10 March 2007
Without stealing his “thunder,” Craig does a good job of introducing biogeochemical processes in the soil and the potential soil has for sequestering carbon. Incredibly, there is more carbon, globally, stored in soil than in the atmosphere and living vegetation combined.
Craig’s article contains a map of degraded soils worldwide. I don’t want to minimize the role of burning fossil fuels in raising atmospheric carbon dioxide over the last 100-years, but the degradation depicted in the map involves, in part, loss of soil organic matter, which has been lost from either accelerated erosion or decomposition due to regular plowing. Plowing aerates the soil, speeding the process of organic matter decomposition, and exposes the soil to erosive forces.
Oceanographers and climatologists are concerned withÂ ocean acidification. Much of the ocean acidification is due to soil carbon entering the ocean either as sediment or dissolved carbon carried by rivers.
So, you start talking about soil and soon you’re talking about the ocean and atmosphere.

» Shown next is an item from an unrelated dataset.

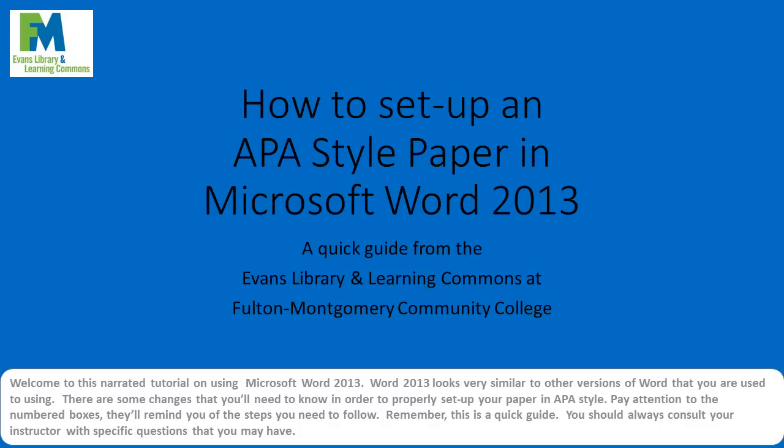Welcome to this narrative tutorial on using Microsoft Word 2013. Word 2013 looks very similar to other versions of Word that you're used to using. There are some changes, however, that you'll need to know in order to properly set up your paper in APA style. Pay attention to the numbered boxes in this tutorial. They'll remind you of the steps you need to follow.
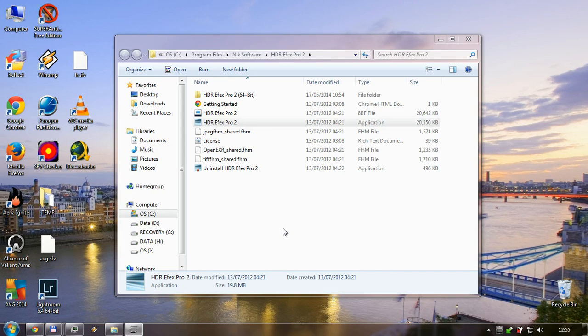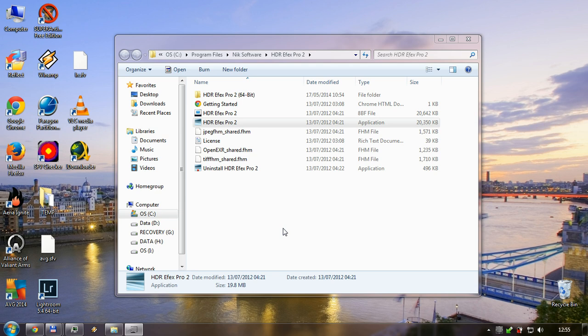Hi guys, just a quick tutorial about how to make your HDR FX Pro 2 work if you just reinstalled Windows and everything. If you install your HDR FX Pro 2 and it crashes, here's what you want to do.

What to do? The key is to use best management practices that minimize erosion. Growing perennial crops is preferable to annuals as perennials do not require working the soil and planting every year. This is one of the reasons that ethanol derived from sugar cane is more efficient than making ethanol from corn. This is why cellulosic ethanol from switchgrass or wood chips is more efficient than ethanol made from corn.
Converting to perennial root-dense grasses (like switchgrass) instead of annual row crops such as corn would also store more carbon in the ground than would be harvested as crops. This would restore some of the carbon to the soil that has been lost over the past 100 years, or so, due to tillage, oxidation, and erosion.